UGETSU


UGETSU (Ugetsu monogatari) (Tales of the Pale and Silvery Moon After the Rain)

(director: Kenji Mizoguchi; screenwriters: Matsutano Kawaguchi/Yoshikata Toda/based on Short Stories by Akinari Ueda; cinematographer: Kazuo Miyagawa; editor: Mitsuzô Miyata; music: Ichiro Saito; cast: Masayuki Mori (Genjuro), Saka Ozawa (Tobei), Machiko Kyo (Lady Wakasa), Mitsuko Mito (Ohama), Kinuyo Tanaka (Miyagi), Ikio Sawamura (Genichi); Runtime: 96; MPAA Rating: NR; producer: Masaichi Nagata; The Criterion Collection; 1953-Japan-in Japanese with English subtitles)

It lyrically fuses together the real and the supernatural worlds into a satisfying allegory, where both worlds seem to exist side by side.

Reviewed by Dennis Schwartz

It’s based on two 16th-century ghost stories by the 18th-century writer Akinari Ueda, considered by many as the Japanese Maupassant. It’s one of the few early Japanese films to be imported to America in the 1950s (Rashomon arrived a little sooner), where it received great acclaim. In English the title can be translated as Tales of the Pale and Silvery Moon After the Rain. It’s a stunningly beautiful film that establishes an unusual dreamlike eerie atmosphere in its black-and-white photography, skillfully evokes the supernatural and plays as a moralistic fable (dishing out simple moral lessons that sometimes it’s not good to be ambitious and give up what you already have to make you happy but are too self-absorbed to know). Men are shown as selfish creatures, while women are depicted as the more gentle, nobler gender.

Two married neighbors, Genjuro (Masayuki Mori) and Tobei (Saka Ozawa), live in a poor rural 16th-century village, where Genjuro is a master potter but feels disrespected because he’s impoverished and can hardly feed his loving wife Miyagi (Kinuyo Tanaka) and their young son. Tobei is a peasant farmer who yearns to be a samurai and strives to get enough money to buy armor, and unrealistically ignores the fact he has no military training. His loving wife Ohama (Saka Ozawa) fears he will do something stupid, such as join one of the rival armies fighting in the civil war raging, and pleads with the more stable Genjuro to look after him.

The friends go into town and sell their pottery wares for a hugh profit, as the war caused a shortage in products (could be interpreted as a sly comment on war profiteering!).
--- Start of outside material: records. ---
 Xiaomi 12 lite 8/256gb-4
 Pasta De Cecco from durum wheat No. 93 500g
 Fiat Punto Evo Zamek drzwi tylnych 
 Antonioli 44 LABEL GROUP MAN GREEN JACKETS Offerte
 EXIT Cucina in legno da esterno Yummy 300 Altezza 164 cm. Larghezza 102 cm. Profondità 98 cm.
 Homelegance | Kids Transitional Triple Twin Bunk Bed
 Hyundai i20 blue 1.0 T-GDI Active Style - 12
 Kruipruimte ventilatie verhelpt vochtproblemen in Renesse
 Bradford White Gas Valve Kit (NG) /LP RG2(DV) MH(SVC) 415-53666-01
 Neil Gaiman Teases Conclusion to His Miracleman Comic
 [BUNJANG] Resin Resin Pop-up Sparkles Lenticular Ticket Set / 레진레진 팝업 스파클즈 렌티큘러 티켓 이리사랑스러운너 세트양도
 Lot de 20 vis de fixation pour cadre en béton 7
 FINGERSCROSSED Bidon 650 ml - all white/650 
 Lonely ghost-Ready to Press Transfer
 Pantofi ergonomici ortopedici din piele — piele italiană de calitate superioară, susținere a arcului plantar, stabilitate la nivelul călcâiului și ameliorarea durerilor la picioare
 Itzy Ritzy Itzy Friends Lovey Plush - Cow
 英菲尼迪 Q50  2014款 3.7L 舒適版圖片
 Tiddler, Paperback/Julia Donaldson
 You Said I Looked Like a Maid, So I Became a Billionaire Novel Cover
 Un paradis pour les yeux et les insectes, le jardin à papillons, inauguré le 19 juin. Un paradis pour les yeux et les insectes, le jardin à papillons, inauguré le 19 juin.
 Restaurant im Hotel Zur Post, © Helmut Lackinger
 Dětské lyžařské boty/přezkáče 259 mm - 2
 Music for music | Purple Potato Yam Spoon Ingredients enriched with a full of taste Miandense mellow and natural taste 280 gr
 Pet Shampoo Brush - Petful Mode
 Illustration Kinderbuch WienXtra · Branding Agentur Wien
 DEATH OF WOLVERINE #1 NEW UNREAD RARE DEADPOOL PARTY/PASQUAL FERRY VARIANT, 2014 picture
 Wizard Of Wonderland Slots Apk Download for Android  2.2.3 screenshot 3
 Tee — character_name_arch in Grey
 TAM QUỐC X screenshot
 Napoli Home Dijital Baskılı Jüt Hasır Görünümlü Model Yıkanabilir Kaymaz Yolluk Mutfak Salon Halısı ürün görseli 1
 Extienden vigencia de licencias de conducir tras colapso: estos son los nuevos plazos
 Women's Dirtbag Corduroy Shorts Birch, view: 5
Encouraged by this, they make more pottery but their village is overtaken by marauding soldiers who ransack it and take eligible men by force to join their army. The foursome, after taking desperate measures to save their pottery, go by boat to the big city of Ozimo. On the lake they meet a lone boatman who is severely wounded and warns them of pirates before he succumbs. Miyagi returns to their village to take care of their child, as the men sell their wares in town. Ohama accompanies the men, but greed overtakes Tobei and when he gets enough money he runs away to become a samurai. When Ohama returns to the village alone, she’s gang raped by bandits and feels she’s a fallen woman and hereafter earns money as a courtesan. Meanwhile, Genjuro falls in love with a ghost, the alluring Lady Wakasa (Machiko Kyo), who buys pottery at the market and asks him to deliver it to the Kutsuki mansion. Once there, he’s captivated by her beauty and can’t get over his new sensual feelings. Things sour when he finally realizes she’s not real but only a spirit, but before he can return to his village bandits rob him of everything. When he returns, he finds out his wife was killed by bandits and his son is being raised by those in the village. Tobei becomes a samurai after he retrieves the head of a great warrior slain by another and returns it to the rival feudal chieftain. Learning of his wife’s disgrace upon his surprise return where he expected to wow his wife with his success, Tobei throws away his sword and repents that his blind ambition caused such harm to his wife.

The absorbing film is a sublime tale about the machinations of the human soul. It lyrically fuses together the real and the supernatural worlds into a satisfying allegory, where both worlds seem to exist side by side. The use of long shots and a graceful photographing of the subjects through an unobtrusive camera, all add to the splendid ethereal settings. Though it’s not without some distractions, as it becomes heavy going in certain places.